# Your objective
I would like the lines below, from the one with "The Chocolate Line, Bruges" through the one with "Vocals wie UFO361 abmischen (Tutorial)", copied exactly and without any pictures.

# Information shown
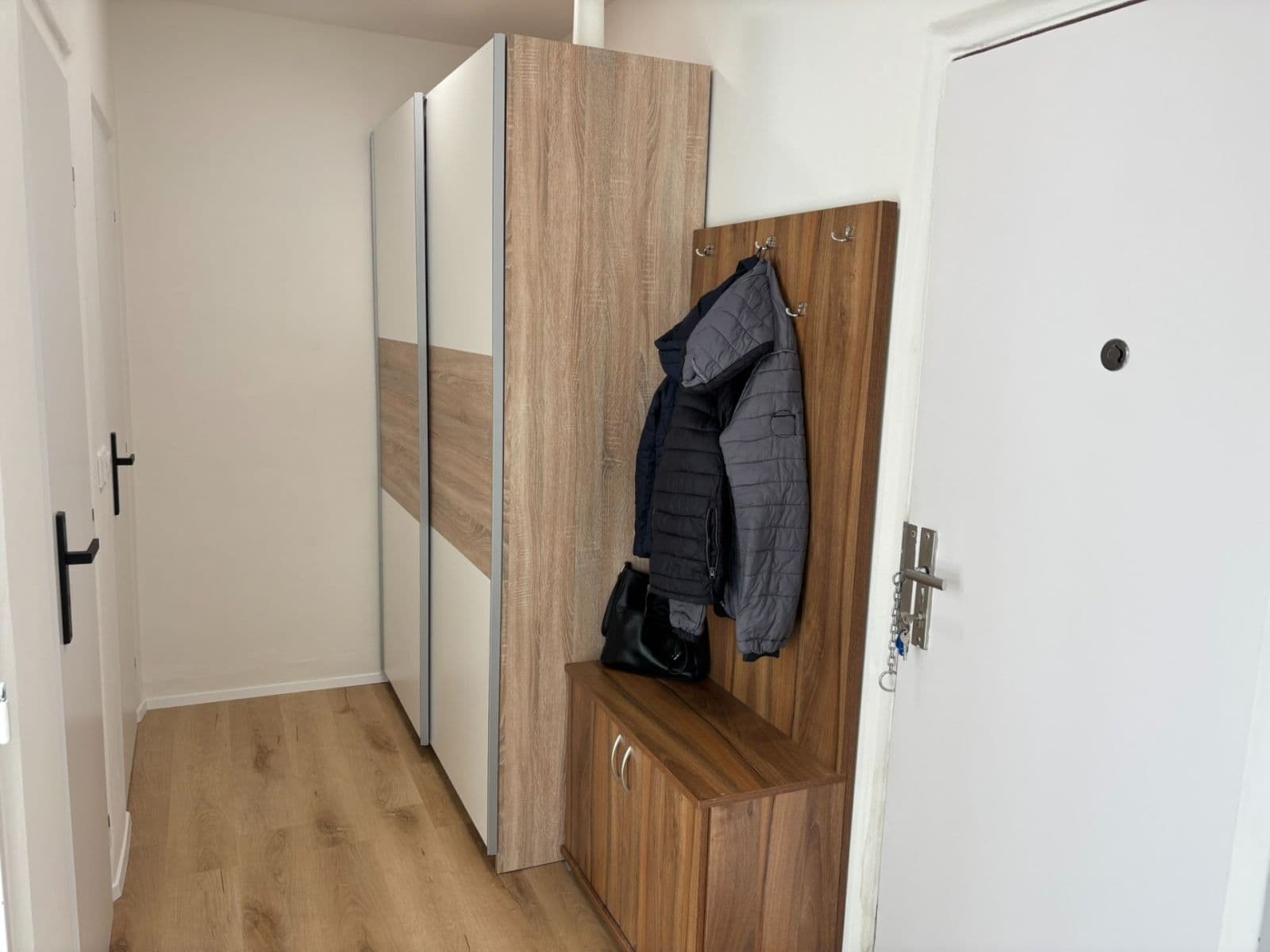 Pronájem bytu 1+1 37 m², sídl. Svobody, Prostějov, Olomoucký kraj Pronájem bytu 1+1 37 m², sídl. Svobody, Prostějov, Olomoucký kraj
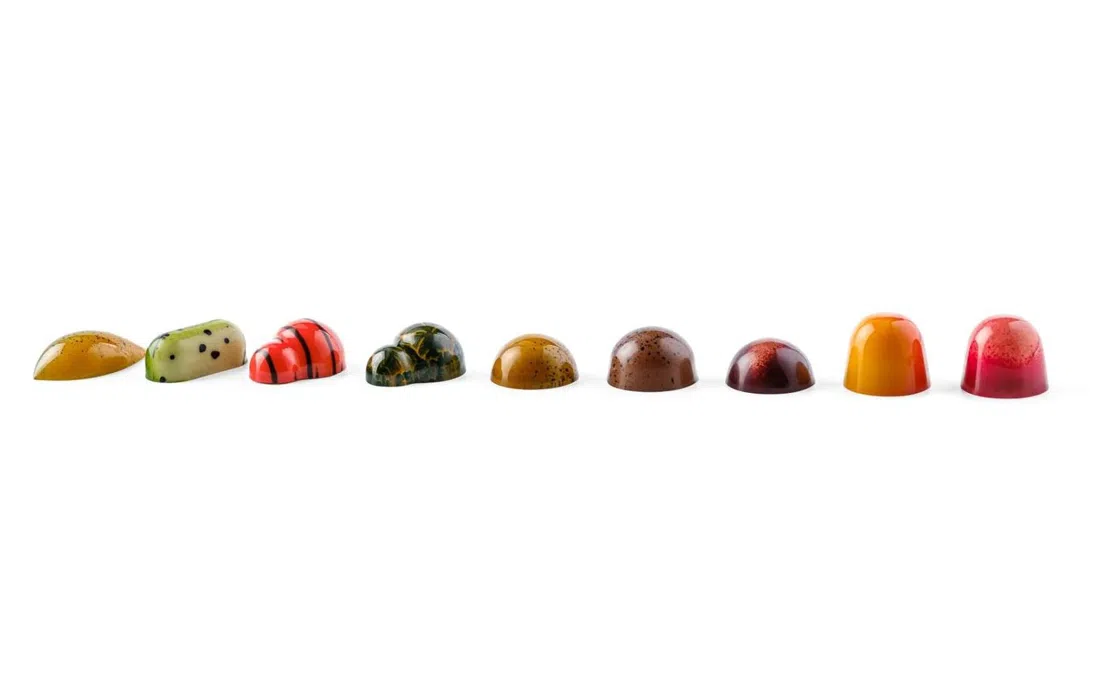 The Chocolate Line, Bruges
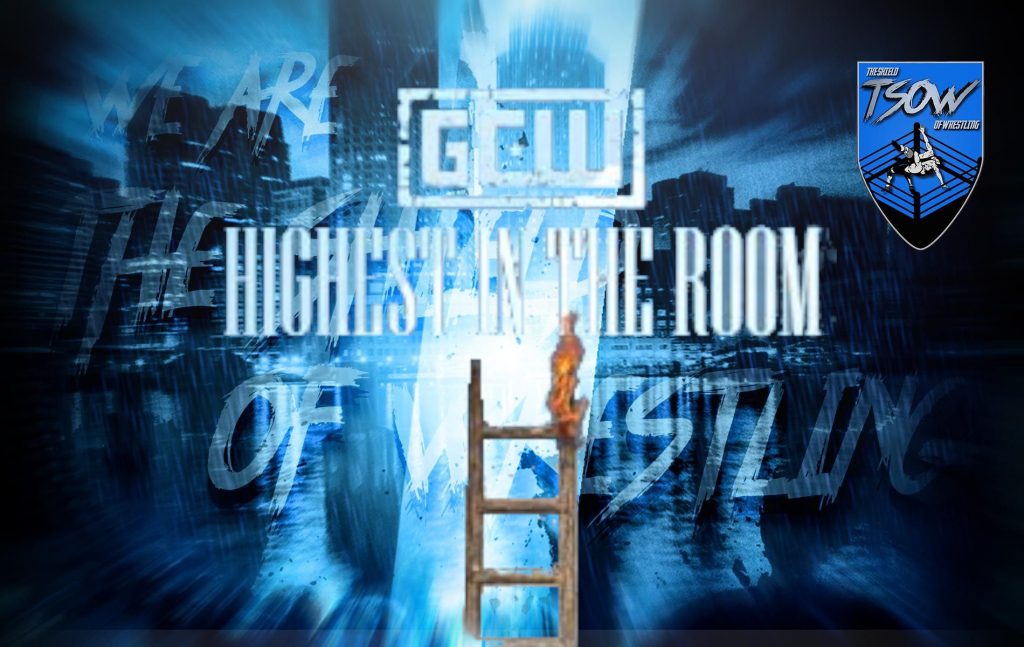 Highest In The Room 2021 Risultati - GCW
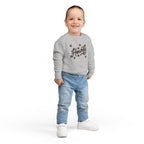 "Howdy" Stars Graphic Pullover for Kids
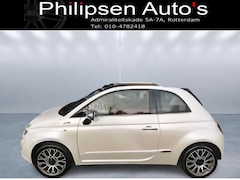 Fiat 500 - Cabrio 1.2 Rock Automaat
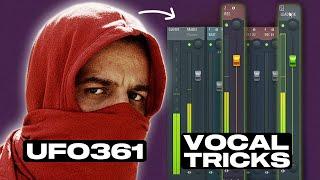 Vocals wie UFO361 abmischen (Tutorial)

--

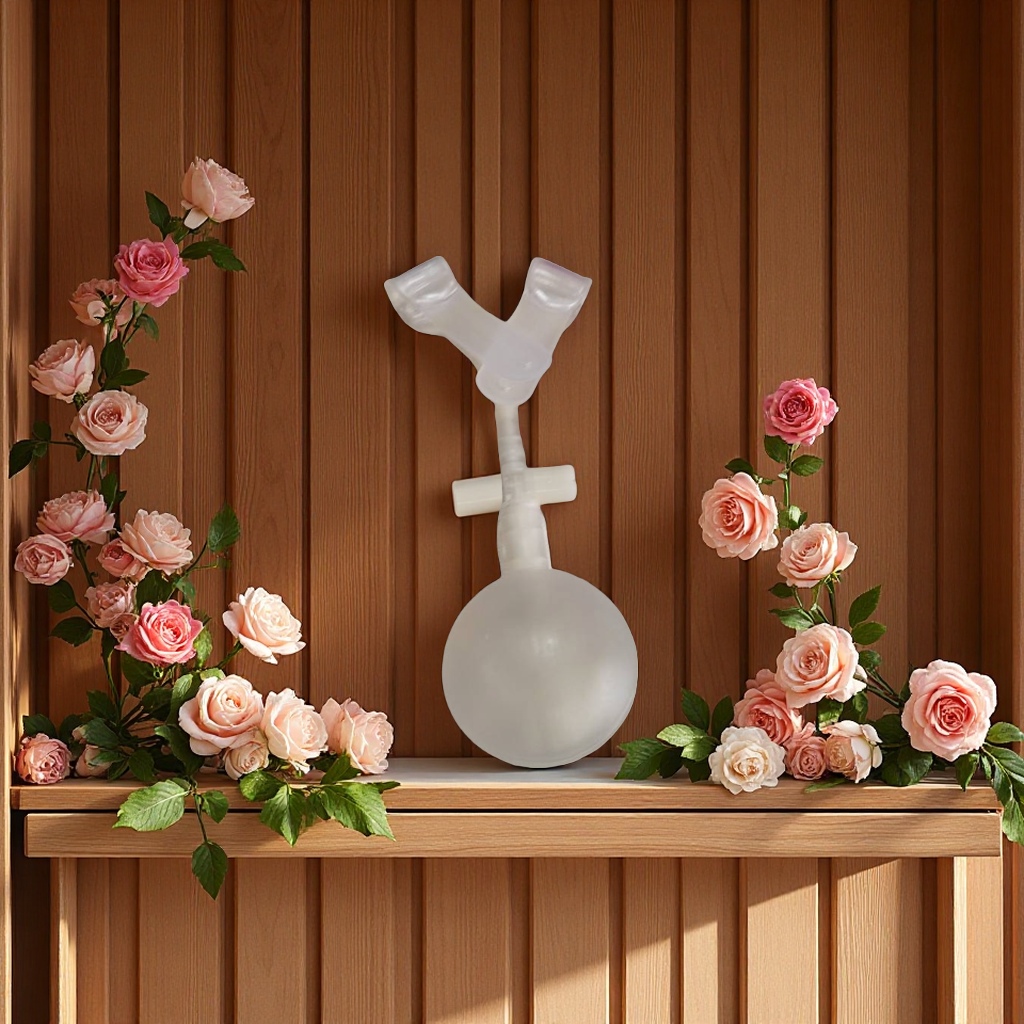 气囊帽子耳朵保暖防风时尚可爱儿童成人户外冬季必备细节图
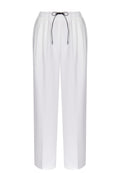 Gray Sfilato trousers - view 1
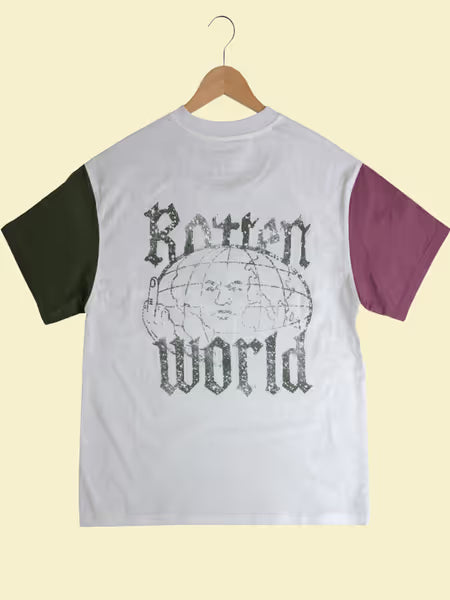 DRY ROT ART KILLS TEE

--

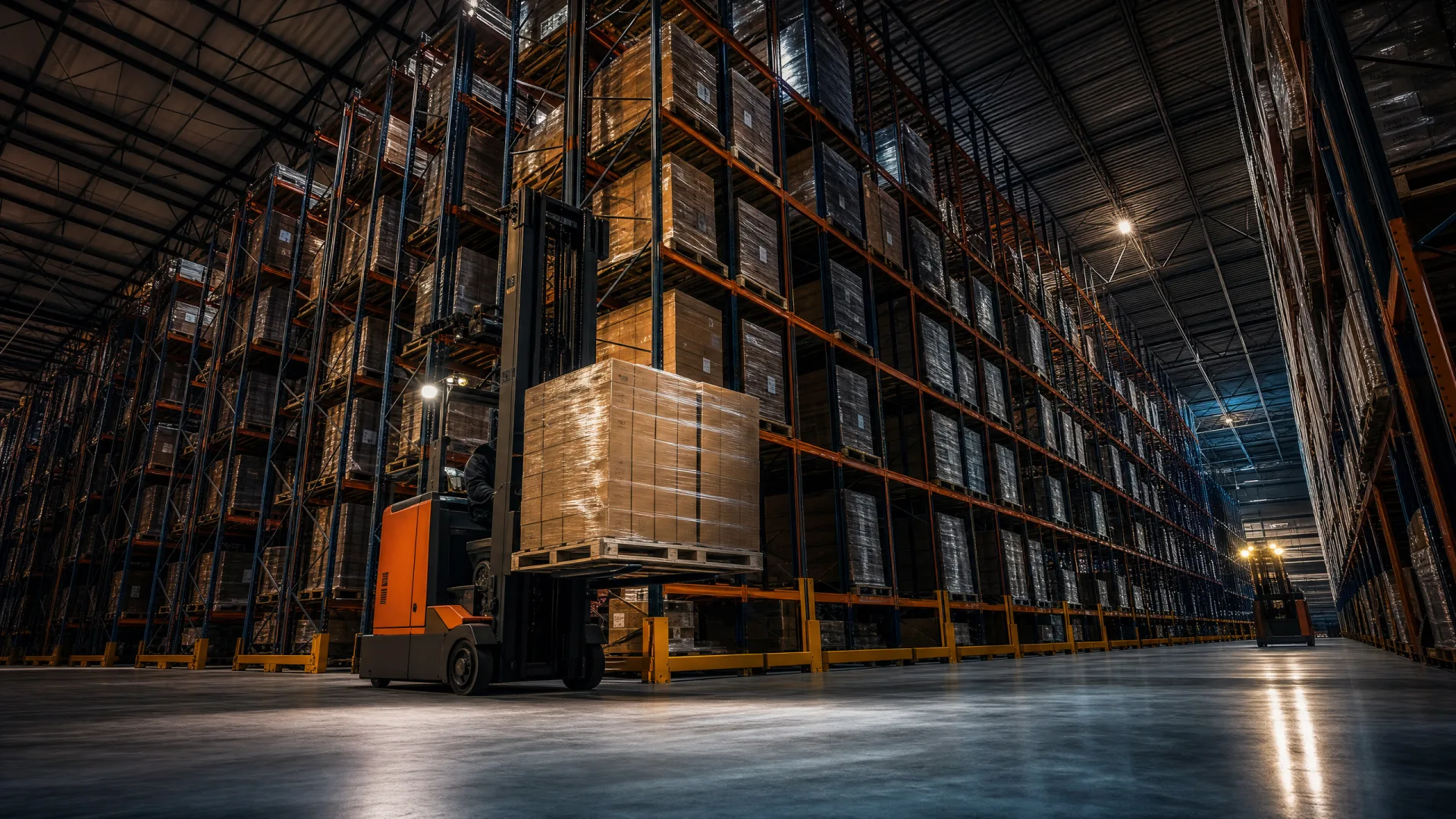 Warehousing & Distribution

# Output of the task
 The Chocolate Line, Bruges
 Highest In The Room 2021 Risultati - GCW
 "Howdy" Stars Graphic Pullover for Kids
 Fiat 500 - Cabrio 1.2 Rock Automaat
 Vocals wie UFO361 abmischen (Tutorial)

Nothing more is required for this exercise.